William Thomas Gaddis is regarded as one of the most brilliant and difficult American writers of the twentieth century, the creator of works that are extraordinarily complex in design, language, and vision.
After graduating from Harvard University Gaddis lived in Latin America, Europe, and North Africa between 1947 and 1955, and he was a freelance speech writer and screenwriter between 1956 and 1970. He received grants from the National Endowment for the Arts, the Guggenheim Foundation, and the MacArthur Foundation as well as several prestigious awards, including the 1976 and 1994 National Book Awards for fiction.
The Recognitions, nearly one thousand pages in length and dealing “with such matters as art forgery, counterfeiting, false religious rhetoric, ambidextrous sexuality, the fraudulence of political life, and the masquerades of intellectual and artistic society,” is a Menippean satire on the entire modern world. The largely comic novel is encyclopedic, dense in style as well as content, and it has little traditional plot. There are fifty characters whose lives—their pasts and presents, as well as their anticipated conversations—cross and parallel one another. The story, which covers a thirty-year period, takes place in France, Italy, Spain, New York, and New England.

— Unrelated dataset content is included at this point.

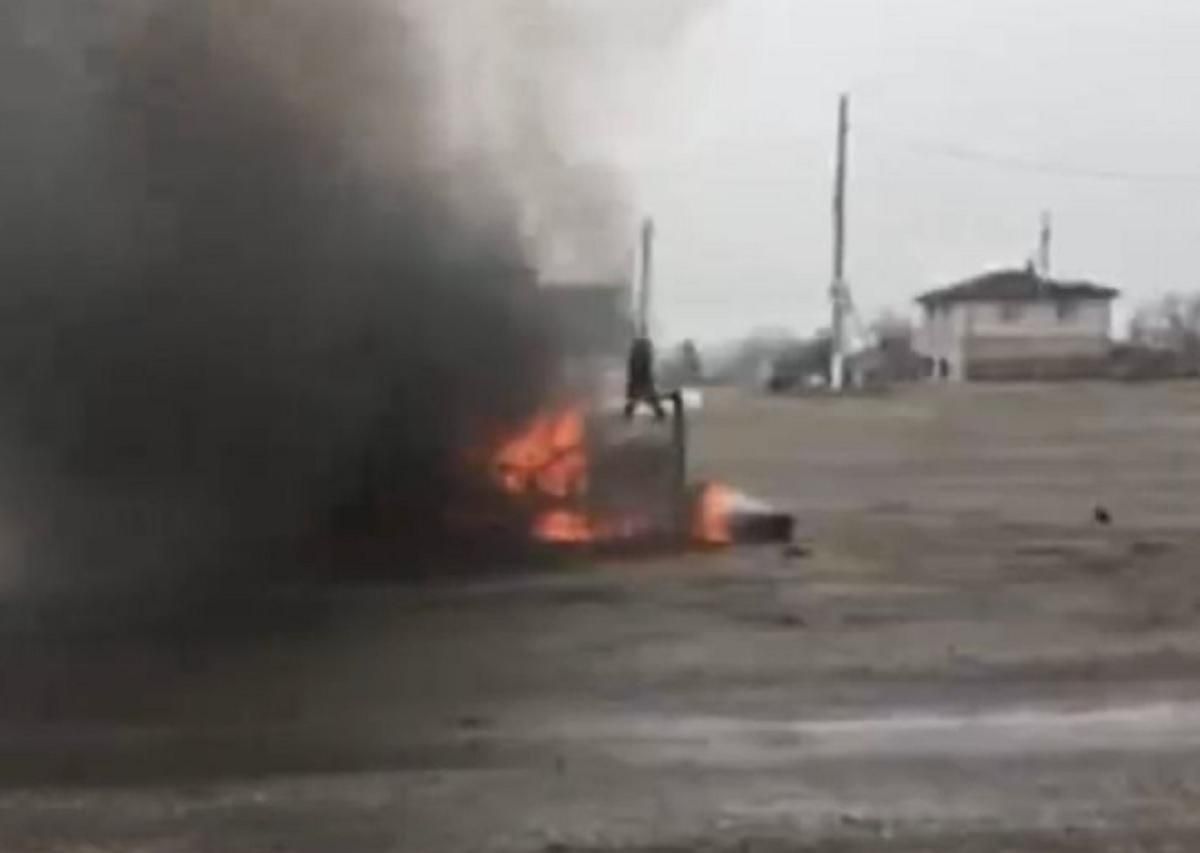 На Херсонщині росіяни розстріляли авто, воно дотла згоріло: загинула жінка - 24 Канал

The central figure, Wyatt Gwyon, rejects his father’s calling as clergyman and instead becomes an artist. Wyatt’s efforts at understanding art in relation to life and true art in relation to counterfeit art involve discoveries regarding the shams and counterfeits of modern life. At the end of his pilgrimage he experiences an epiphany at a Spanish monastery, realizing that art and the preoccupations of the ordinary life are human structures created to save human beings from ultimate chaos. It is during this great spiritual and creative experience that Wyatt gains a recognition of the unity of all living and nonliving things and extends himself beyond the temporal and artistic to a sense of the intermingling of life and death.